Running tests with nosetests¶
In order to have the nosetests program, you need to install nose_ in your current environment and gc3pie must be installed in develop mode:
pip install nose
python setup.py develop
Then, from the top level directory, run the tests with:
nose -c nose.cfg
Nose will then crawl the directory tree looking for available tests. You can also specify a subset of the available sets, by:
specifying the directory from which nose should start looking for tests:
# Run only backend-related tests nose -c nose.cfg gc3libs/backends
specifying the file containing the tests you want to run:
# Run only tests contained in a specific file nose -c nose.cfg gc3libs/tests/test_session.py
specifying the id of the test (you need to run nose at least one to know which id is assigned to each test):
# Run only test number 123 nose -c nose.cfg 123
Running multiple tests¶
In order to test GC3Pie against multiple version of python we use tox, which creates virtual environments for all configured python version, runs nose inside each one of them, and prints a summary of the test results.
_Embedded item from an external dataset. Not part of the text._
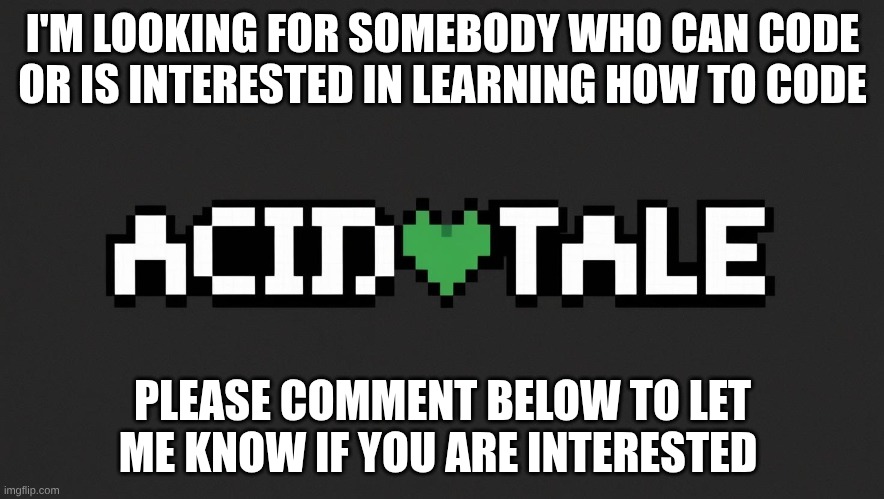 coder for new Undertale au | I'M LOOKING FOR SOMEBODY WHO CAN CODE OR IS INTERESTED IN LEARNING HOW TO CODE; PLEASE COMMENT BELOW TO LET ME KNOW IF YOU ARE INTERESTED | image tagged in please,code | made w/ Imgflip meme maker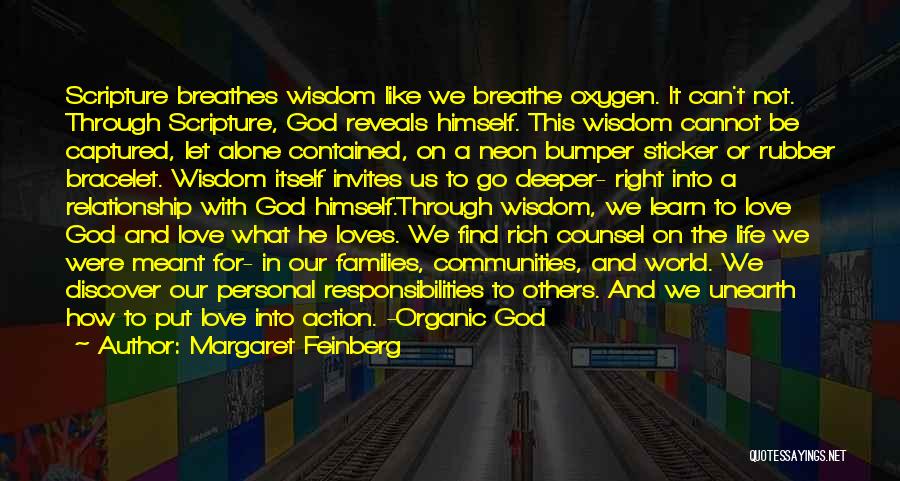 Margaret Feinberg Quotes: Scripture Breathes Wisdom Like We Breathe Oxygen. It Can't Not. Through Scripture, God Reveals Himself. This Wisdom Cannot Be Captured,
You don’t need to have tox installed in the virtual environment you use to develop gc3pie, you can create a new virtual environment and install tox on it with:
pip install tox
Running tox is straightforward; just type tox
on the command-line
in GC3Pie’s top level source directory.
The default tox.ini
file shipped with GC3Pie attempts to test all
Python versions from 2.4 to 2.7 (inclusive). If you want to run tests
only for a specific version of python, for instance Python 2.6, use
the -e
option:
tox -e py26
[...]
Ran 118 tests in 14.168s
OK (SKIP=9)
__________________________________________________________ [tox summary] ___________________________________________________________
[TOX] py26: commands succeeded
[TOX] congratulations :)
(See section skipping tests for a discussion about how and when to define skipped tests.)
Option -r
instructs tox to re-build the testing virtual
environment. This is usually needed when you update the dependencies
of GC3Pie or when you add or remove command line programs or
configuration files. However, if you feel that the environments can be
unclean, you can clean up everything by:
deleting all the
*.pyc
file in your source tree:find . -name '*.pyc' -delete
deleting and recreating tox virtual environments:
tox -r
Organizing tests¶
Each single python file should have a test file inside a tests
subpackage with filename created by prefixing test_
to the
filename to test. For example, if you created a file foo.py
,
there should be a file tests/test_foo.py
which will contains tests
for foo.py
.
Even though following the naming convention above is not always
possible, each test regarding a specific component should be in a file
inside a tests
directory inside that component. For instance,
tests for the subpackage gc3libs.persistence are located inside the
directory gc3libs/persistence/tests
but are not named after the
specific file.
Writing tests¶
Please remember that it may be hard to understand, whenever a test fails, if it’s a bug in the code or in the tests! Therefore please remember:
- Try to keep tests as simple as possible, and always simpler than the tested code. (Debugging is twice as hard as writing the code in the first place., Brian W. Kernighan and P. J. Plauger)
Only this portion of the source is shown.